Saturday 3 October 2015

Travelers Among Mountains and Streams

Source: Shanghai Daily | October 4, 2015

AMONG ancient Chinese master landscape artists, Fan Kuan (AD 960-1027) stands head and shoulders above most. His best-known painting, “Travelers Among Mountains and Streams,” has long been deemed a seminal masterpiece of the Northern Song School.
Fan was born in Huayuan, now in Tongchuan area in northwestern China’s Shaanxi Province. It is said he hated urban life and loved to travel among towering mountains and live close to nature. He also loved wine and Taoist thinking, eventually becoming a Taoist recluse in his later years.
Today, however, Fan is remembered chiefly as one of the top landscapists in the early Song Dynasty (AD 960-1279).
Traditional Chinese ink-wash landscape painting began to appear in the Tang Dynasty (AD 618-907) and reached its heyday during the Song Dynasty.
Two major landscape art schools — the Northern Song School and the Southern Song School — had emerged by that time. Fan was a chief representative of the northern school. This style features clear, emphatic compositions and rich details that make the painting look very realistic.



A half-concealed temple on a foreground promontory serves as the “eye” of the landscape.

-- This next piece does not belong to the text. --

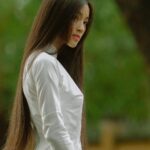 Phạm Nguyễn Lan Thy Instagram - Dưới hàng cây lá nhỏ li ti, có mắt ai trông một bóng dáng đi về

Chinese landscapists then began to follow some conventions such as what was defined as the “rule of scale” by Wang Wei (AD 699-761), a poet, musician, painter and statesman of the Tang Dynasty.
In one of his essays on landscape painting, Wang said if a mountain in a painting is one zhang (about 3.35 meters) tall, then a tree should be about one-tenth the size and a horse one-tenth of the tree and a figure even smaller.
Fan first modeled his work after those of earlier masters such as Jing Hao (circa 850-?) and Li Cheng (AD 919-967), but later he felt “observing and learning from nature is better than learning from man.” Eventually, he realized “the human heart is an even greater source than nature for learning.”
He gradually began to change his painting style. For instance, while his predecessor Li Cheng painted landscapes that “open like windows onto distant and attractive vistas,” Fan’s works tend to press close to viewers, blocking out their view like walls.
Fan had also developed a number of new landscape painting techniques such as using various texture strokes to create three-dimensional forms and overlapping ridges and contours to make a mountain appear to project forward.
Fan utilized many of his superb skills in “Travelers Among Mountains and Streams,” which is widely recognized as the greatest example of the monumental-landscape style of painting.
To embody the Taoist principle of man being just a small part of nature, Fan made the human figures rather small in order to dramatize the awesome power of nature.




To embody the Taoist principle of man being a small part of nature, the artist made the human figures rather tiny. The use of scale dramatizes the awesome power of nature.

In this ink on silk, 103.3cm by 206.3cm large hanging scroll, the central majestic mountain occupies nearly two-thirds of the total space.
The tiny human figures and a mule train can barely be seen walking out of a wooded area near the bottom of the painting.
A half-concealed temple on a foreground promontory serves as an “eye” of the landscape.
To evoke the Taoist idea of the interplay of yin and yang and add energy to the composition, Fan generated many sharp contrasts such as those between the foreboding mountain and miniature figures and animals, richly textured mountains and rock forms, as well as flowing streams and drifting mist.
The painting also features rich shades and tones, along with imposing and vigorous brushwork. It later became a model for numerous Chinese artists in the following centuries.
Many ancient masterpieces of traditional Chinese painting are today believed to be remakes of later years, but not Fan’s “Traveler” painting. In addition to some inscriptions by famous artists on the painting attributing it to Fan, the artist’s half-hidden signature was rediscovered in 1958, confirming its authenticity.
The painting belongs to the National Palace Museum in Taipei.